We nonbelievers probably hear a lot of similar arguments and claims from believers. I usually just smile and change the subject, which means I have decades of responses bottled up. So here they are, uncorked.

“You’re sending your children to hell because you’re not teaching them faith in [the Christian] God.”
I’m amazed that Christians are willing to love a God that would banish children to an eternal existence of pain and suffering for their parents’ “sins.”

“How can you not believe in the Bible?”
I believe in the Bible. I’ve seen it with my own eyes and am certain of its existence. What I think you mean to say is that I don’t believe the Bible is the word of God. First, I don’t believe in God, which would mean I can’t believe the Bible is the word of God, so I’m not sure why we even talk about this. And secondly, if I were to believe in any God, I wouldn’t want to believe in the one portrayed in the Bible. He is a merciless, angry, vengeful, illogical, inconsistent psychopath who sanctions the rape of women, the theft of property, the killing of children, women, men, and so on. But if you want to believe the stories in the Bible represent your God, all the power to you.

“May I give your boys children’s Bibles?”
First, thank you for asking and for wanting to teach my boys about the Bible. I want them to be religiously fluent, which I think it’s important that they understand the teachings of many religions. We are working on this with them in a natural way. However, I don’t want them learning watered-down Biblical stories that have been cleansed of all violence and atrocities. Those stories are untrue depictions of the Bible and of the Christian God. So when they are old enough to be exposed to the entirety of the Bible — horrors and all — I will gladly buy them a Bible and welcome you to sit with us as we talk about it in detail.

“You’re not raising your children with any morals because morality comes from God.”
The argument that religion is not the only source of rules to live by is so overdone. (Not to mention the fact that there’s a whole lot that’s taught in Christianity that I find completely immoral. See above.) So rather than go down this well trodden path again, I’ll say only this: my children make decisions about what is right and wrong based on their capacity to think, consider others, empathize, and understand the consequences of their actions. And they are learning to respectfully question the status quo and authority when they see something wrong in the world, or that something can be better. Maybe you want your children to make decisions based on what an invisible being tells them is right and wrong, but I place more value on teaching them that they should do good because it’s their responsibility to be positive contributors to the world.

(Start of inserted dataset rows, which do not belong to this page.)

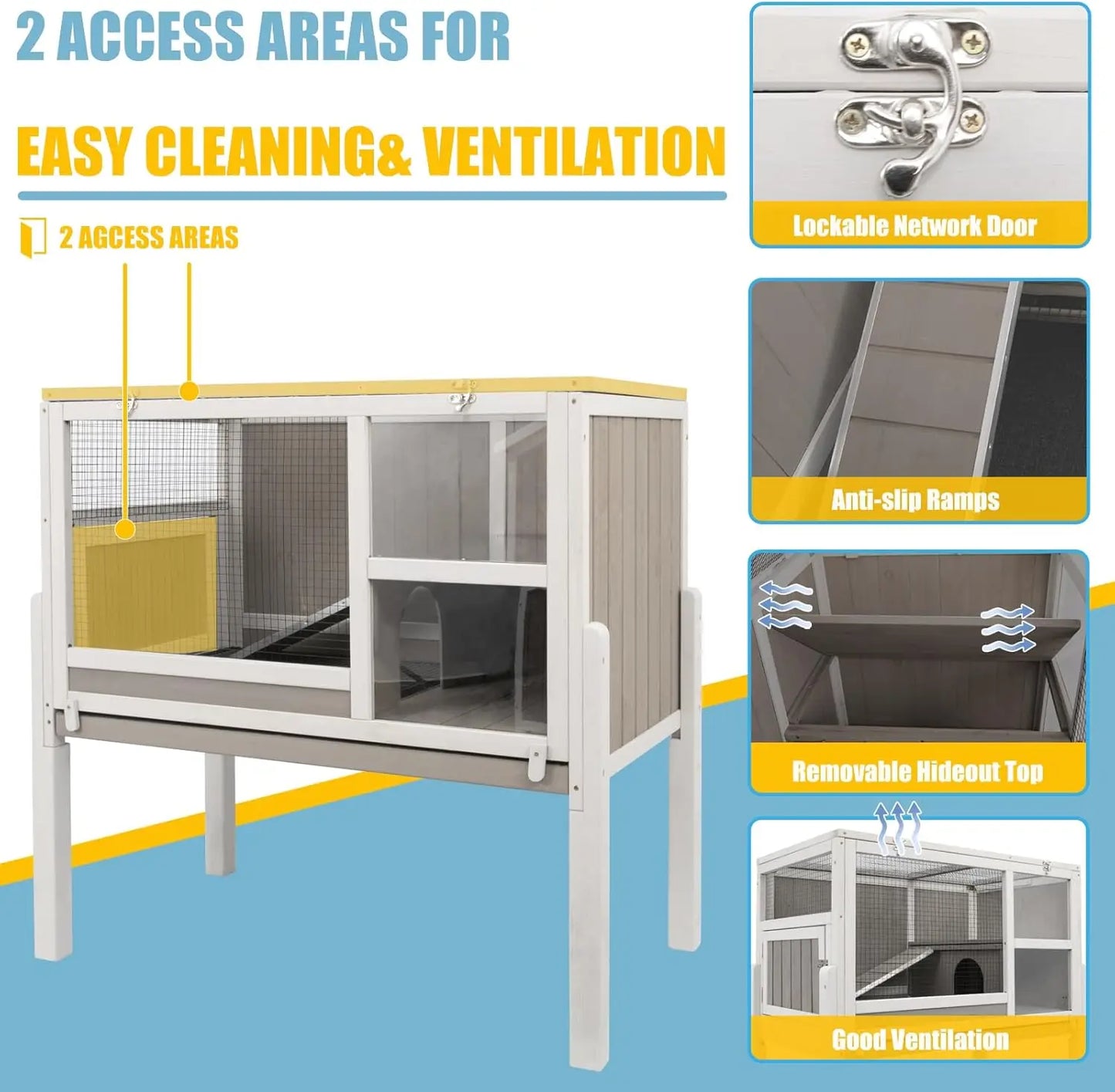 XMSJ Guinea Pig Cage Indoor Wooden Habitat With Stand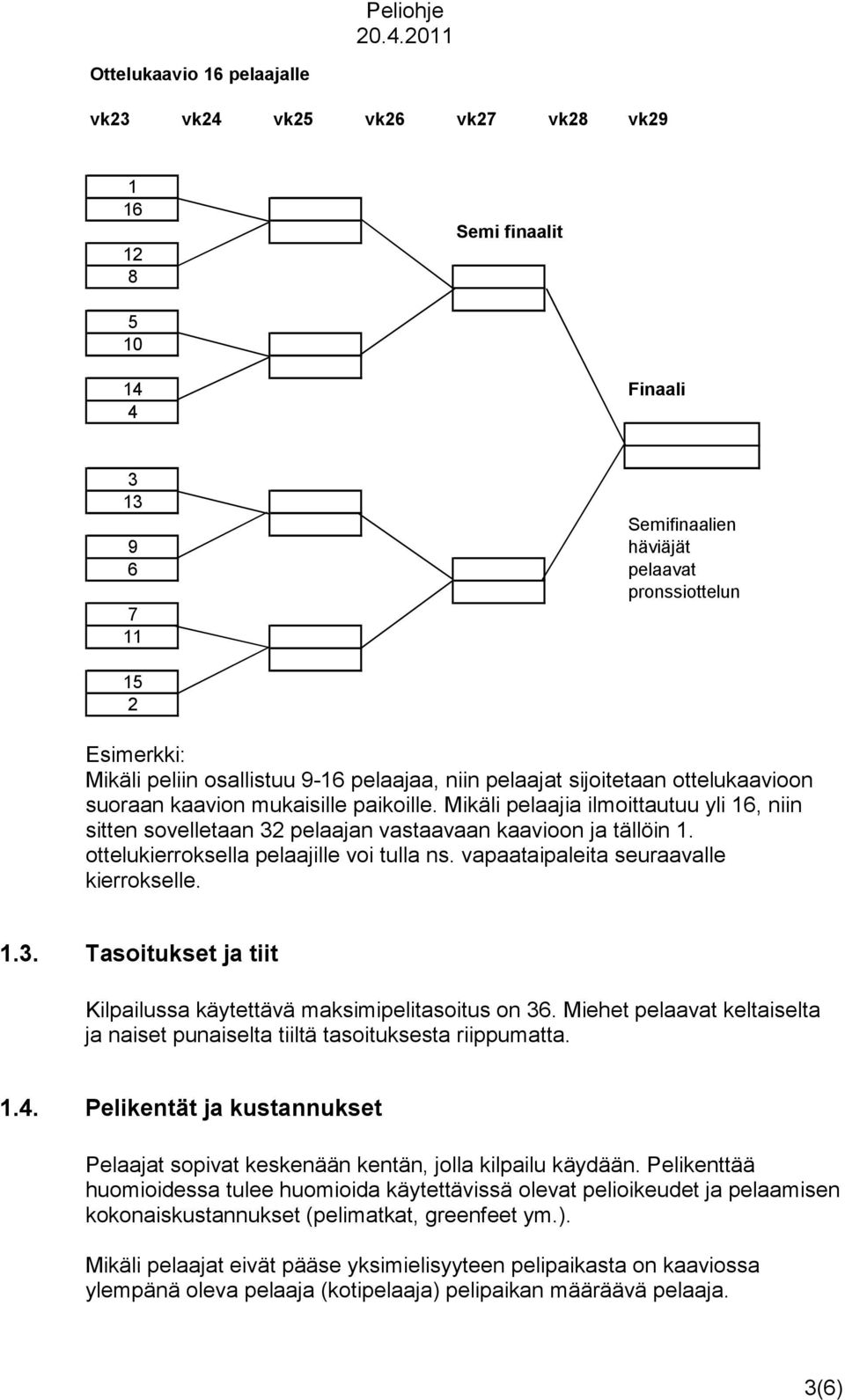 Mikäli pelaajia ilmoittautuu yli 16, niin sitten sovelletaan 32 pelaajan vastaavaan kaavioon ja tällöin 1. ottelukierroksella pelaajille voi tulla ns. vapaataipaleita seuraavalle kierrokselle. 1.3. Tasoitukset ja tiit Kilpailussa käytettävä maksimipelitasoitus on 36.
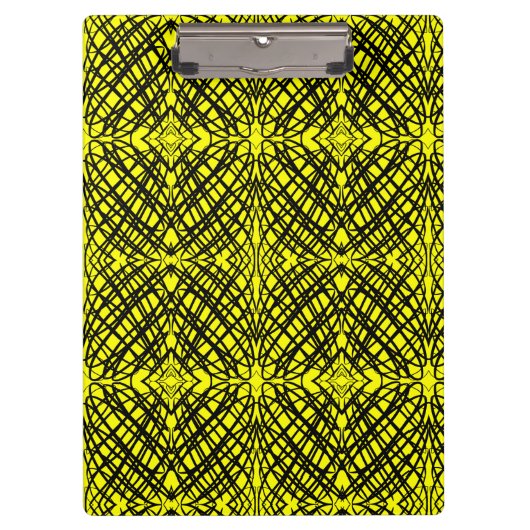 シンプル落書き |鏡タイル |黄色 | クリップボード (正面)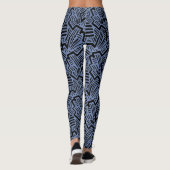 Leggings mit blauem und schwarzem Muster (Rückseite)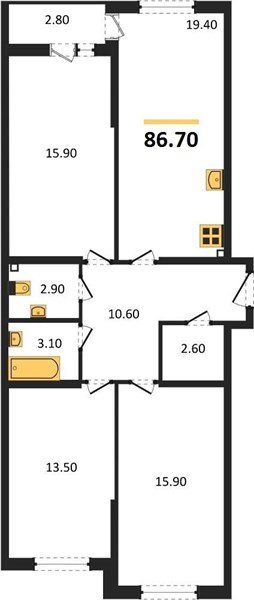 Фото №1: 3-комнатная квартира 86 м² - Краснодар, жилой комплекс Самолёт-6, мкр. Прикубанский внутригородской округ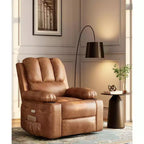Sillón reclinable de 22'', reclinable manual de cuero PU con portavasos y bolsillos laterales, diseño ergonómico para guardería, sala de estar, dormitorio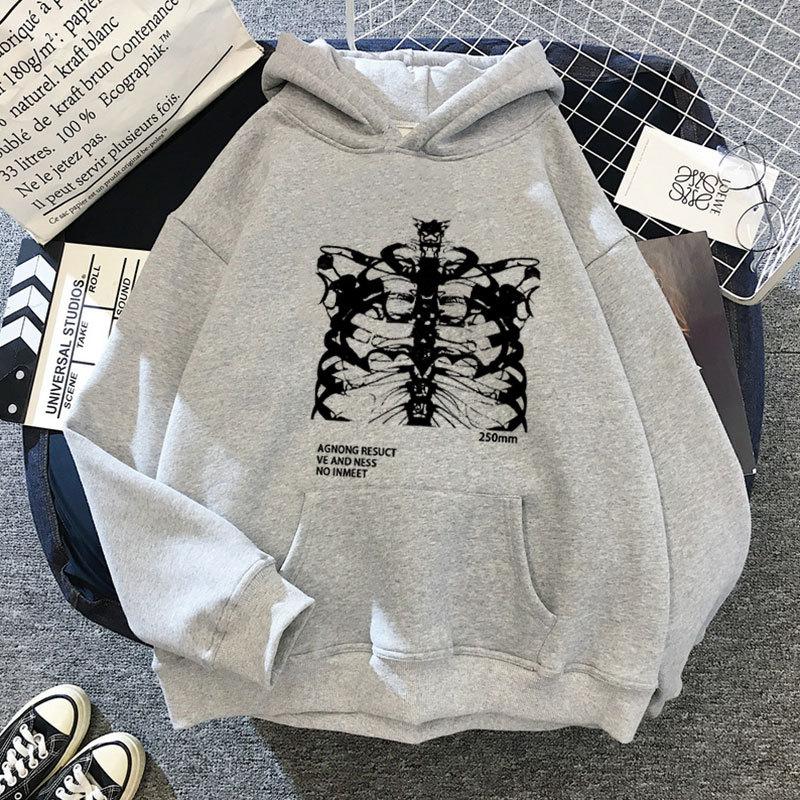 Hoodie Pocket Long Sleeve Streetwear Black Tops Skeleton Print Grunge Gothic Oversized Men Women Hoodie Streetwear Women's Men's Sweatshirt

“I can’t imagine how you feel to not believe in God and eternal salvation. That’s so sad. I hope one day, you’ll open your heart to Jesus so you can find the happiness that only he can bring.”
To those who’ve said my lack of belief in God is sad: I am very happy. I have a great life, a beautiful family, and a rich world I love discovering. Religion makes me sad. It’s confining and limiting, to me. I’m happy you’ve found comfort in religion. We are different people and need different things to be happy. There are a lot of happy people in this world who don’t believe in your god or any gods. Some are happier than you. Some are not. To think you have found the only true happiness is egocentric. But then again, Christianity is amazingly egocentric. So I suppose this is a losing battle.

“The Bible says…”
I’m fine with talking about the Bible. But using the Bible to prove God’s existence makes absolutely no sense to me. That’s like using a Stephen King novel to prove the existence of aliens. Entertaining, for sure. But not proof of anything.

“There’s no evidence that God doesn’t exist.”
There is also no evidence that unicorns, dragons and elves don’t exist but we (generally) accept their non-existence. It’s impossible to prove a negative. Therefore, the burden of proof is on believers. Before you say that it requires faith, save your breath, because now we’re not talking about evidence or logic and you’ve just taken the easy way out.